Written to the sound of this.
For the first few days, I slept at the very edge of the bed, making room for you.
If you were here, you would inevitably joke that this is more room than I make for you in the bed when you are in it.
Last night, I had shrimp and bacon (bacon!) and wine in a shirt that exposed my collarbones to a world that was unshocked by them. I am ready for falafel and fruit crumble by your side. I am ready to go back to dreaming about bacon.
I sleep in the middle of the bed now, claiming one whole mattress for the little person it houses.

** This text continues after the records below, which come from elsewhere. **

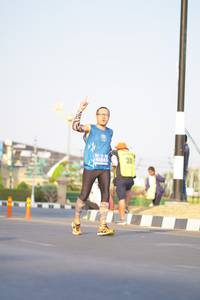 BIB: 81946, 
                            <button type="button" onclick="openModal(11418485)" class="btn btn-primary btn-sm float-right btn-popup" data-toggle="modal" data-target=".modal-high-quality">
                        <i class="fas fa-shopping-cart"></i> Add to Cart
                    </button>
                                            <button type="button" onclick="isThisMe(11418485, true)" class="btn btn-success btn-sm float-right btn-popup btn-isme hidden" data-toggle="tooltip" data-placement="bottom" title="นี่คือรูปของคุณใช่ไหม คลิกที่นี่เพื่อเอาเข้าอัลบั้ม">
                        <i class="fas fa-plus"></i> Add to album
                    </button>
                    <button type="button" onclick="isThisMe(11418485, false)" class="btn btn-warning btn-sm float-right btn-popup btn-isnotme hidden">
                        <i class="fas fa-ban"></i> Remove from album
                    </button>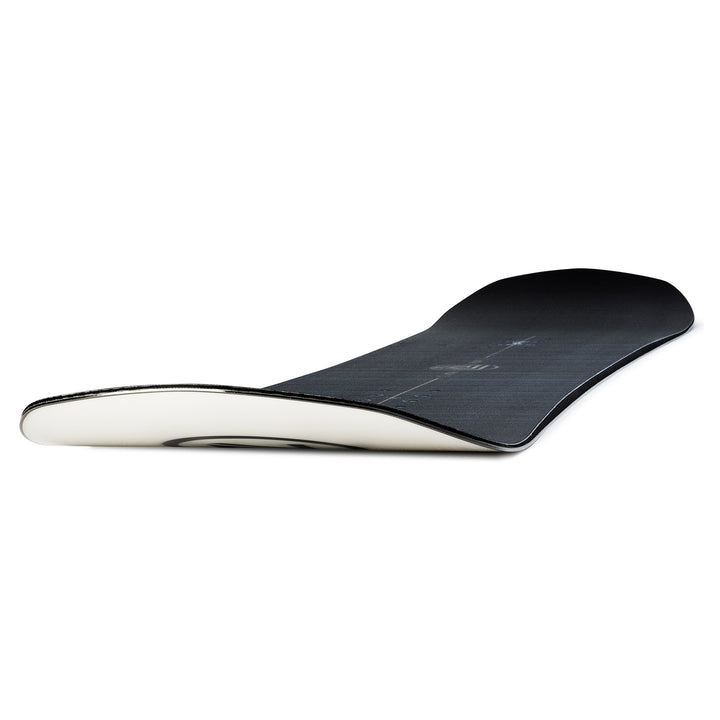Nidecker Play Snowboard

You sleep on overnight trains across India, in the kinds of beds that only leave you with only one option as to how to lie. Since you went there, the world keeps shoving India down my throat. Even the Sunday newspaper I bought to see if Greece would default "tomorrow" came with a complimentary copy of "Sensuous India: The Kama Sutra (unabridged)." What is the less subtle, less welcome version of the universe winking at you?

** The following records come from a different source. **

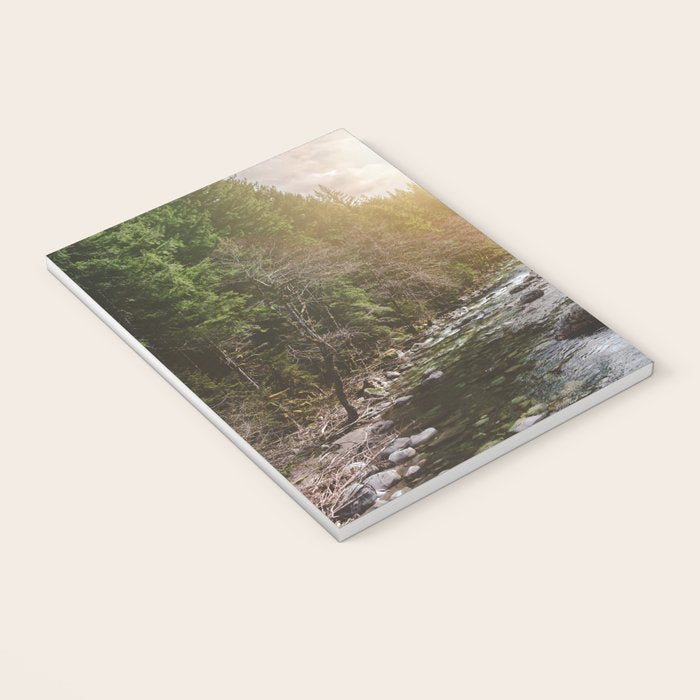 A Pacific Northwest River Adventure - 64/365 Nature Photography Notebook Gallery Image 3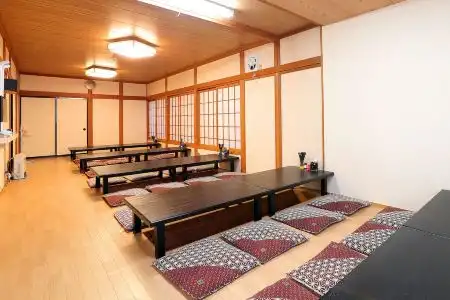 Nozawaonsen Miyazawa - 4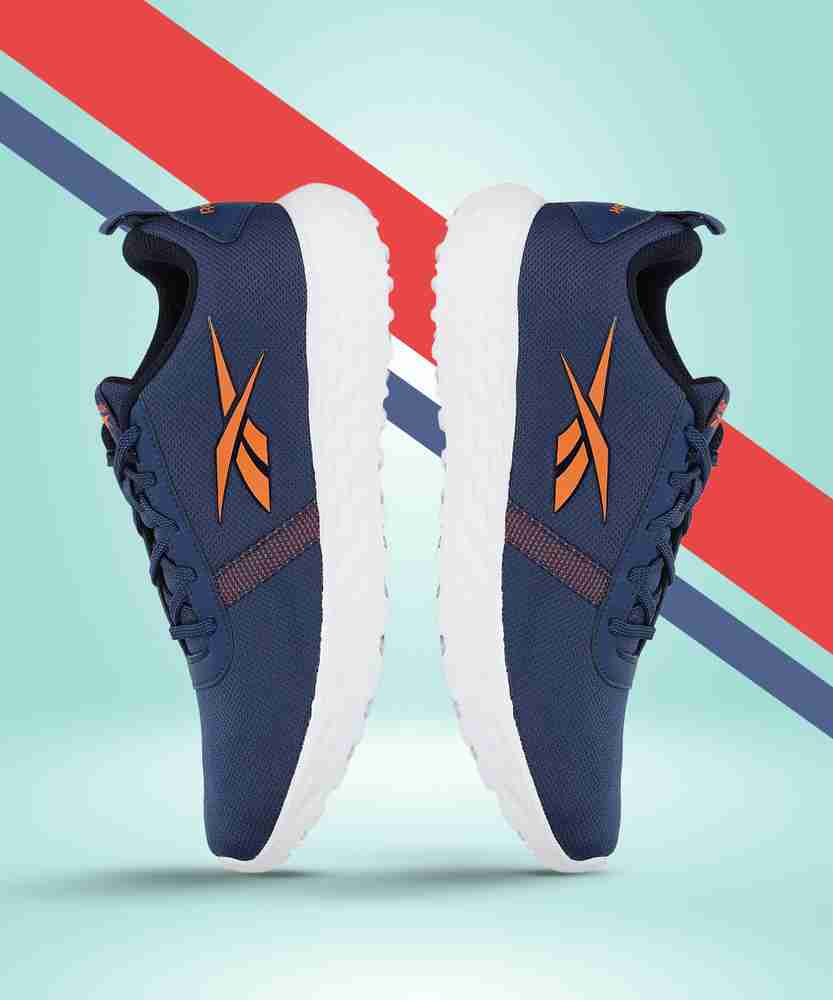 best running shoes under 500 rupees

When your flowers arrived, the man who brought them to me looked weary. His face said "yeah, yeah, yeah, *yawn* more Valentine's Day flowers." He must have arranged countless lilies, which sit in bedrooms across this city, listening to other lovers' Brandi Carlile's, eavesdropping on other lovers' negotiations of mattress space.

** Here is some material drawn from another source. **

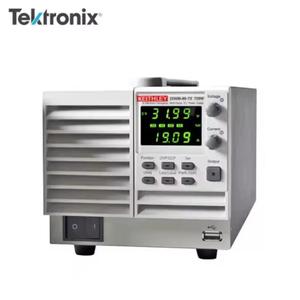 Fuente de Alimentación Digital Programable Keithley 2260B-30-108, 1.1Kw, 0-30V, 108A, Instrumento de Medición Electrónica - Product Image 2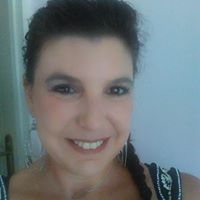 Lois Kerr Photo 15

Right now you are on your 26th consecutive hour on a train. 26! I told you to take a photo of a different scene every hour to mark the journey, knowing that this is what I would do, with you over my shoulder muttering "my little dork" every time the shutter closed.
You complain of suffocating heat. I am looking at snow. Colombia-Uganda-Egypt. Guatemala-Cuba-Sudan. Desert-Equator-Tropics. One foot in this hemisphere, another foot in the other. A smile at the lowest point on earth, a grin at the peak of an active volcano. Between them, I had erased the snow, exchanging it for sand and monsoon. Now I stare at it till my pupils shrink, till all I see is whiteness.
The lilies are not changing as fast as the landscapes outside your train window, but I photograph them every few hours regardless. I hear "my little dork" whispered every time; I picture you feigning impatience at the constant clicking. Through their life cycle of these flowers, I measure time. Every wilting of the lily brings us a day closer to falafel, to the orange chair I hate in the living room, to the reunion of the little dorks.
I stare at the lily till all I see is a blushing world.